DETAILED DESCRIPTION
In binaural cue coding (BCC), an encoder encodes C input
audio channels to generate E transmitted audio channels,
where C>E≥1. In particular, two or more of the C input
channels are provided in a frequency domain, and one or
more cue codes are generated for each of one or more
different frequency bands in the two or more input channels
in the frequency domain. In addition, the C input channels
are downmixed to generate the E transmitted channels. In
some downmixing implementations, at least one of the E
transmitted channels is based on two or more of the C input
channels, and at least one of the E transmitted channels is
based on only a single one of the C input channels.
In one embodiment, .a BCC coder has two or more filter
banks, a code estimator, and a downmixer. The two or more
filter banks convert two or more of the C input channels
from a time, domain into a frequency domain. The code
estimator generates one or more cue codes for each of one
or more different frequency bands in the two or more
- 8 -
converted input channels. The downmixer downmixes the C
input channels to generate the E transmitted channels,
where C>E≥1.
In BCC decoding, E transmitted audio channels are decoded
to generate C playback audio channels. In particular, for
each of one or more different frequency bands, one or more
of the E transmitted channels are upmixed in a frequency
domain to generate two or more of the C playback channels
in the frequency domain, where C>E≥1. One or more cue codes
are applied to each of the one or more different frequency
bands in the two or more playback channels in the frequency
domain to generate two or more modified channels, and the
two or more modified channels are converted from the
frequency domain into a time domain. In some upmixing
implementations, at least one of the C playback channels is
based on at least one of the E transmitted channels and at
least one cue code, and at least one of the C playback
channels is based on only a single one of the E transmitted
channels and independent of any cue codes.

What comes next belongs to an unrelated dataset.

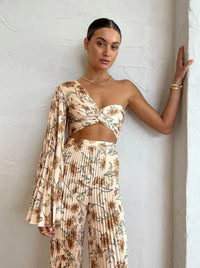Hire SIGNIFICANT OTHER Simone Top And Pant Set In Amber Daisy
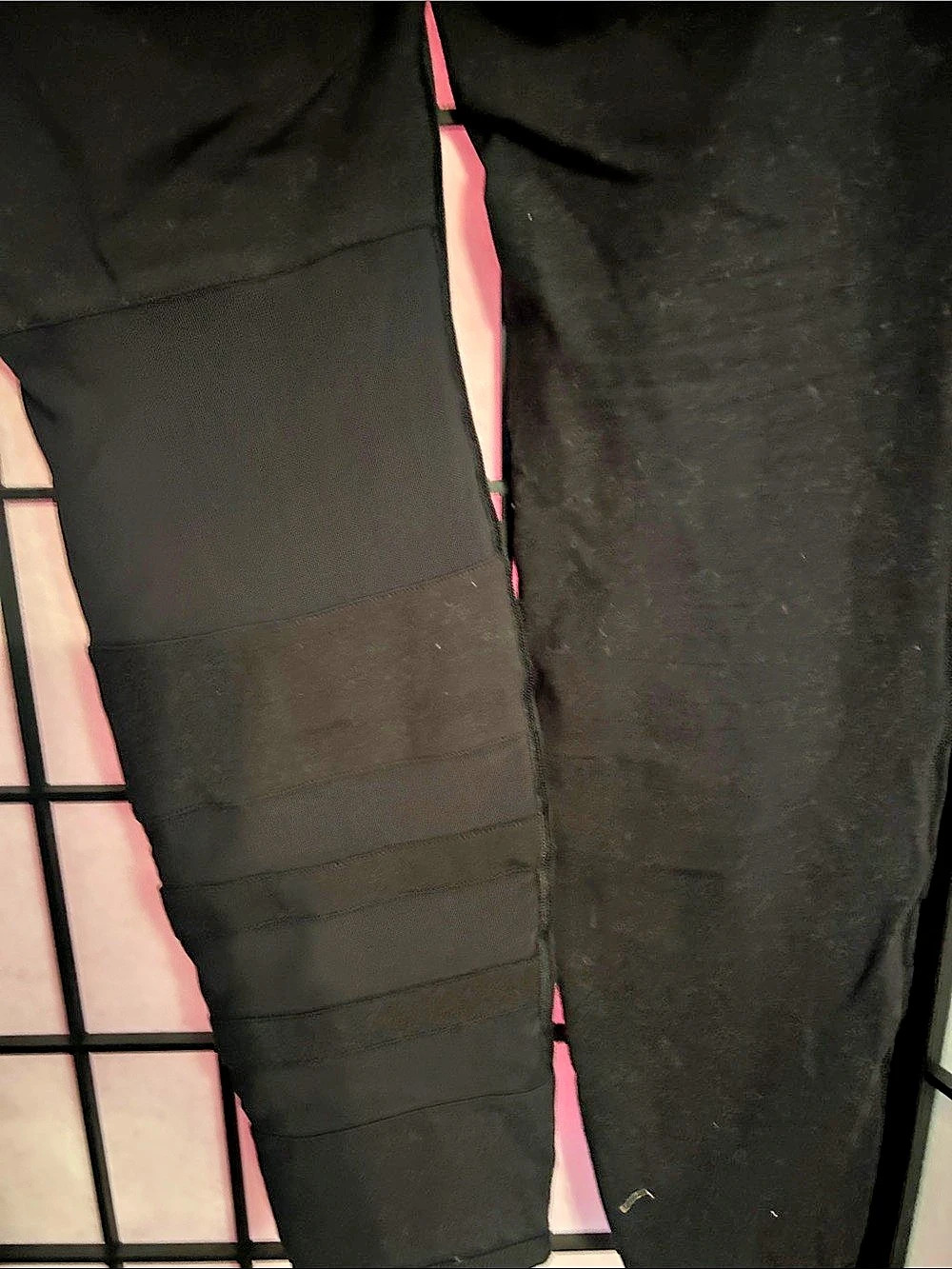 Lorna Jane Black w/Mesh pattern Leggings - Picture 5 of 5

In one embodiment, a BCC decoder has an upmixer, a
synthesizer, and one or more inverse filter banks. For each
of one or more different frequency bands, the upmixer
upmixes one or more of the E transmitted channels in a
frequency domain to generate two or more of the C playback
channels in the frequency domain, where C>E≥1. The
synthesizer applies one or more cue codes to each of the
one or more different frequency bands in the two or more
playback channels in the frequency domain to generate two
or more modified channels. The one or more inverse filter
banks convert the two or more modified channels from the
frequency domain into a time domain.
Depending on the particular implementation, a given
playback channel may be based on a single transmitted
channel, rather than a combination of two or more
transmitted channels. For example, when there is only one
- 9 -
transmitted channel, each of the C playback channels is
based on that one transmitted channel. In these situations,
upmixing corresponds to copying of the corresponding
transmitted channel. As such, for applications in which
there is only one transmitted channel, the upmixer may be
implemented using a replicator that copies the transmitted
channel for each playback channel.
BCC encoders and/or decoders may be incorporated into a
number of systems or applications including, for example,
digital video recorders/players, digital audio
recorders/players, computers, satellite
transmitters/receivers, cable transmitters/receivers,
terrestrial broadcast transmitters/receivers, home
entertainment systems, and movie theater systems.
Generic BCC Processing
FIG. 2 is a block diagram of a generic binaural cue coding
(BCC) audio processing system 200 comprising an encoder 202
and a decoder 204. Encoder 202 includes downmixer 206 and
BCC estimator 208.
Downmixer 206 converts C input audio channels xi(n) into E
transmitted audio channels yi(n), where C>E≥1. In this
specification, signals expressed using the variable n are
time-domain signals, while signals expressed using the
variable k are frequency-domain signals. Depending on the
particular implementation, downmixing can be implemented in
either the time domain or the frequency domain. BCC
estimator 208 generates BCC codes from the C input audio
channels and transmits those BCC codes as either in-band or
out-of-band side information relative to the E transmitted
audio channels. Typical BCC codes include one or more of
inter-channel time difference (ICTD), inter-channel level
difference (ICLD), and inter-channel correlation (ICC) data
estimated between certain pairs of input channels as a
- 10 -
function of frequency and time. The particular
implementation will dictate between which particular pairs
of input channels, BCC codes are estimated.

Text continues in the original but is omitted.